Mark Lilla has a must-read in the WSJ today. (Dislcosure: we were political theory students of Shklar and Mansfield at Harvard together years ago). It charts the collapse of the intellectual right from a pioneering attempt to re-think established nostrums about public policy to ... well the Caribbean cruise now floating around on a sea of denial and contempt:

The Palin farce is already the stuff of legend. [but] John McCain's choice was not a fluke, or a senior moment, or an act of desperation. It was the result of a long campaign by influential conservative intellectuals to find a young, populist leader to whom they might hitch their wagons in the future. And not just any intellectuals. It was the editors of National Review and the Weekly Standard, magazines that present themselves as heirs to the sophisticated conservatism of William F. Buckley and the bookish seriousness of the New York neoconservatives. After the campaign for Sarah Palin, those intellectual traditions may now be pronounced officially dead.

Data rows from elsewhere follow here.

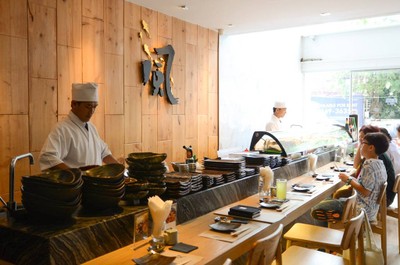 KAZE Fresh Japanese Restaurant ทองหล่อ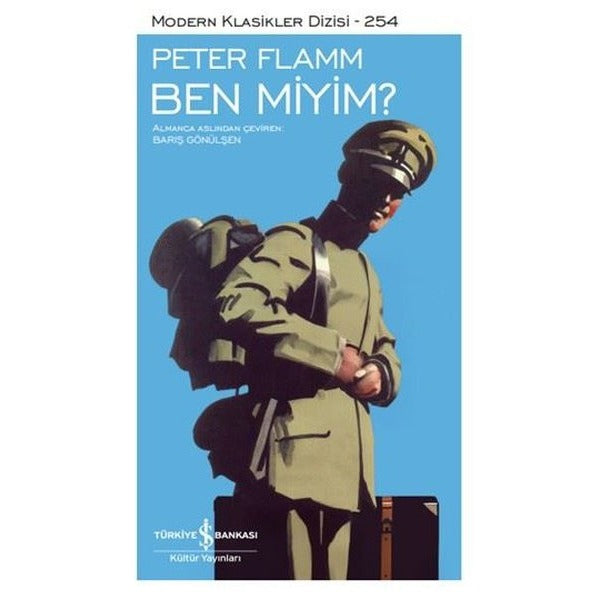 Ben Miyim? Modern Klasikler Dizisi | İş Bankası Kültür Yayınları (Ciltli)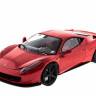 Р/У машина MZ Ferrari F458 Italia 2019 1/14 +акб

Irving Kristol's bitter capitulation to populism a quarter century ago was the harbinger. It's all been downhill since:

Their function within the conservative movement is no longer to educate and ennoble a populist political tendency, it is to defend that tendency against the supposedly monolithic and uniformly hostile educated classes. They mock the advice of Nobel Prize-winning economists and praise the financial acumen of plumbers and builders. They ridicule ambassadors and diplomats while promoting jingoistic journalists who have never lived abroad and speak no foreign languages. And with the rise of shock radio and television, they have found a large, popular audience that eagerly absorbs their contempt for intellectual elites. They hoped to shape that audience, but the truth is that their audience has now shaped them.

One reason I believe the reconstruction of conservatism will require a generation's work is that the rot has gone so deep among so many with so much patronage. If it weren't for the blogosphere allowing new thoughts and debate to bubble up from below, and outside the Kristol-Lowry-Steyn axis, I'd despair.